Major code refactoring and various cosmetic changes #11

StefanFlaumberg · 2024-09-07T23:59:58Z

This pull request depends on the noahares/GeneRaxCore#1 PR

Together they introduce the following changes:

Make code more logically organized, more unified and less complicated wherever possible
Fix the gradient search parameter setting in the thorough rate optimization mode
Fix the alpha parameter optimization in the rate mixture mode (speciation rate categories)
Fix internal species branch label update on the species tree topology changes
Introduce checkpoints for the filtered families, the mixture alpha and the highways (and they do work!)
Restrict using checkpoint if the run options are changed
Restrict concomitant usage of incompatible options and superfluous MPI rank usage (fixes [BUG] Stalling while using MPI #10 )
Update the help message
Add a newline char to the end of output files wherever it's missing
Give better control over the optimization verbosity
Make logs more pretty

StefanFlaumberg · 2024-09-08T03:08:59Z

Hi Benoit,

I have restricted some options not to be used together, but I am not completely sure regarding the following 2 points:

The RELDATED transfer constraint:
Tree topology search should clearly mix up the species relative ranks, so the HYBRID search seems to be logically incompatible with the constraint.
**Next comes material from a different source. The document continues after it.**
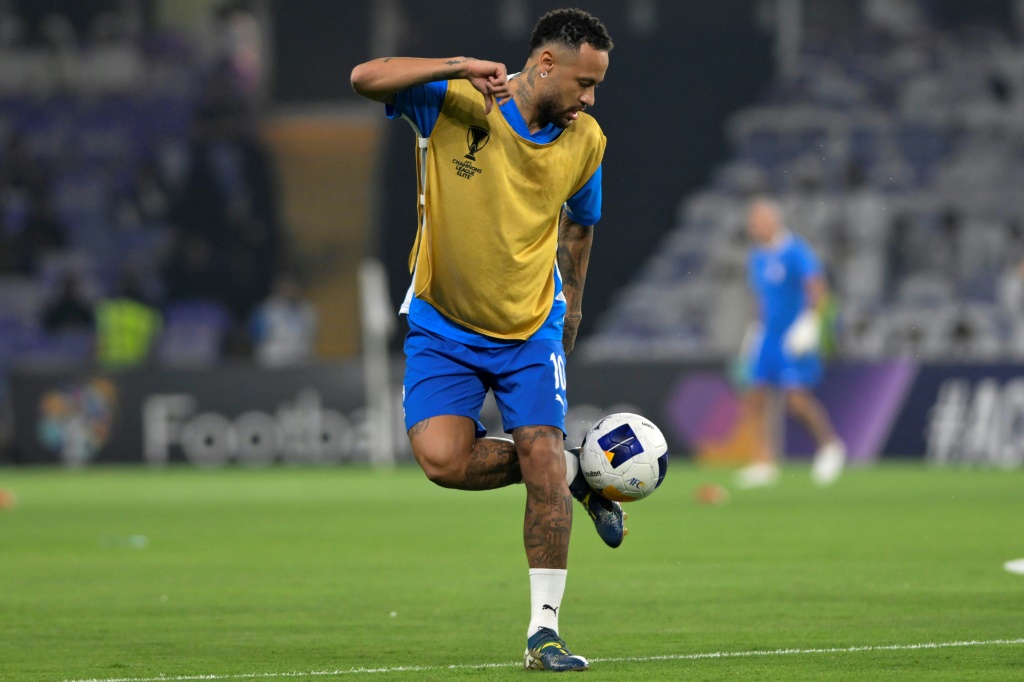 و البرازيلي نيمار دا سيلفا يتعرض لإصابة جديدة  (ا ف ب)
One wouldn't either start a REROOT search from a dated species tree, but the root search algorithm itself implements some kind of dating search, so one can use the REROOT search to get a properly rooted and dated species tree.
Thus, I decided under the RELDATED contraint to restrict usage of the HYBRID search, but to allow for usage of the REROOT search if the --infer-speciation-order option is additionally invoked.
The PER-SPECIES rates:
Your wiki states that "different rates for different species are not compatible with species tree inference". However, the HYBRID tree search runs seemingly ok both with PER-SPECIES and ORIGINATION-PER-SPECIES rates (why shouldn't it?).
Thus, I decided to restrict only concomitant usage of tree search (both HYBRID and REROOT) and model parametrization with a custom file (for an obvious reason: the file uses ancestral clade names). All the other combinations are allowed.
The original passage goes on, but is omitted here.